[[ The data, beginning ]]

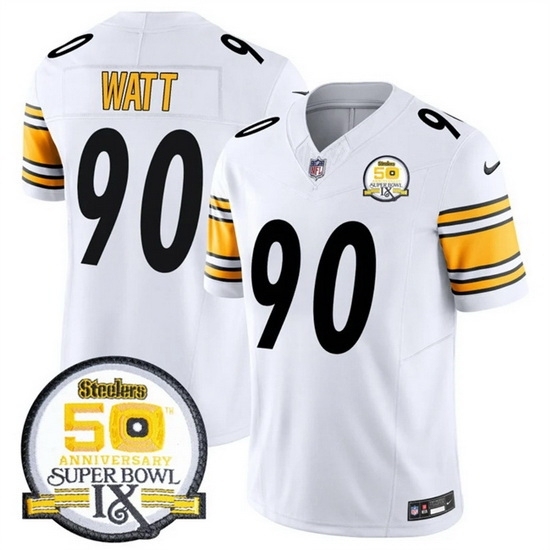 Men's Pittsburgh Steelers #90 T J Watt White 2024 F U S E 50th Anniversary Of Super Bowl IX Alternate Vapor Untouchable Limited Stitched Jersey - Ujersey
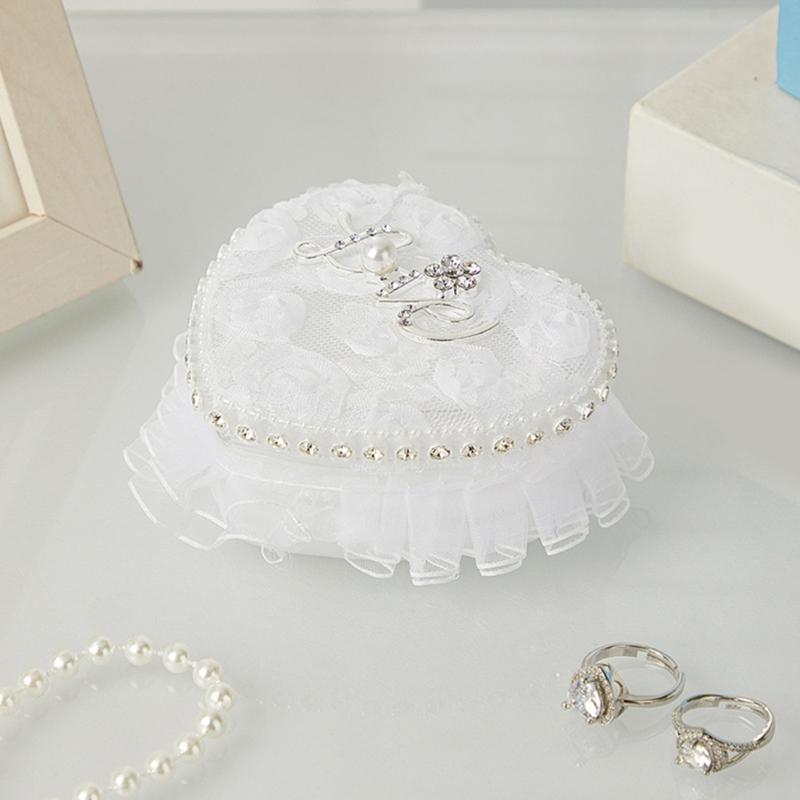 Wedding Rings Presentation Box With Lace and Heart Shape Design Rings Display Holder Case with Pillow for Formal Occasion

[[ The data, end ]]
[[ The data, beginning ]]

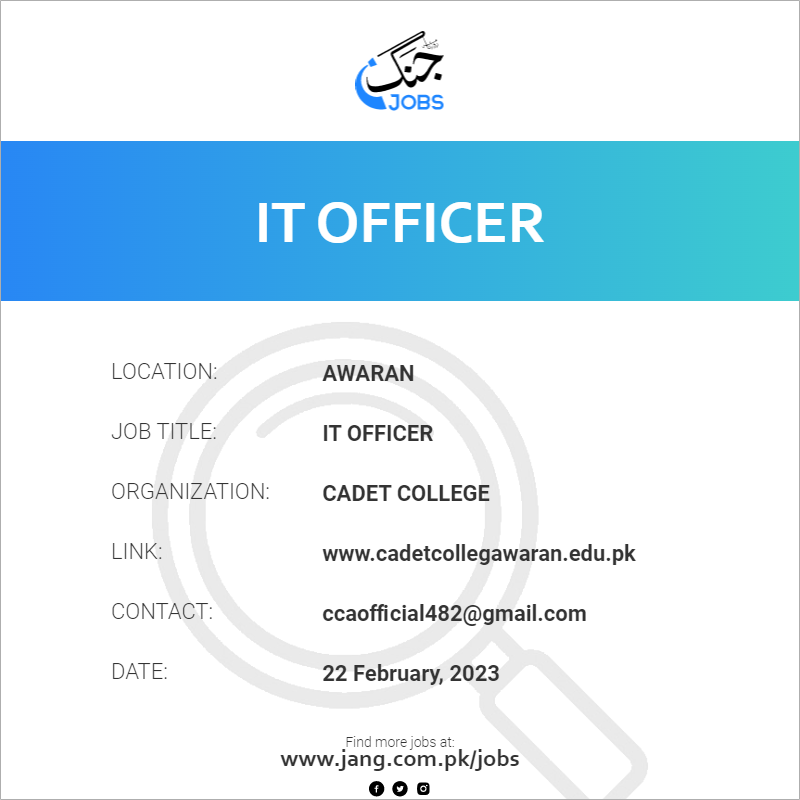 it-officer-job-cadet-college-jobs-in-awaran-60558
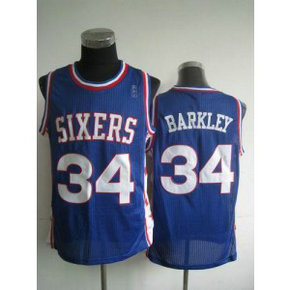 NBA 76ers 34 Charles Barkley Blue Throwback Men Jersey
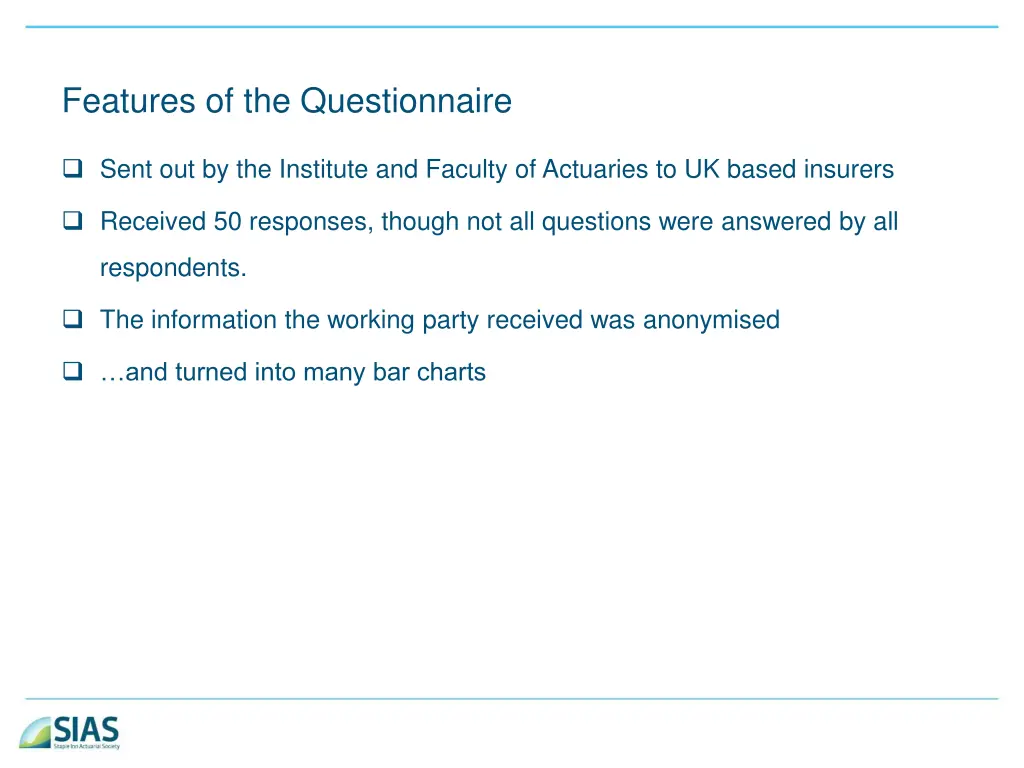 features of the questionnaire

[[ The data, end ]]
[[ The data, beginning ]]

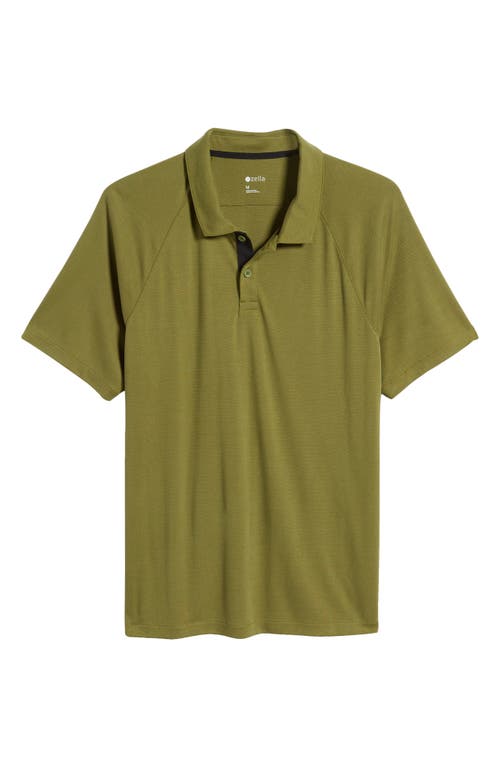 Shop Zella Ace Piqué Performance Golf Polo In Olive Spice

[[ The data, end ]]

**Goal of the exercise:** Copy word for word the lines above, starting at the line containing "it-officer-job-cadet-college-jobs-in-awaran-60558" and ending at the line containing "features of the questionnaire", inclusive, with no pictures.

**Answer for this exercise:**
 it-officer-job-cadet-college-jobs-in-awaran-60558
 NBA 76ers 34 Charles Barkley Blue Throwback Men Jersey
 features of the questionnaire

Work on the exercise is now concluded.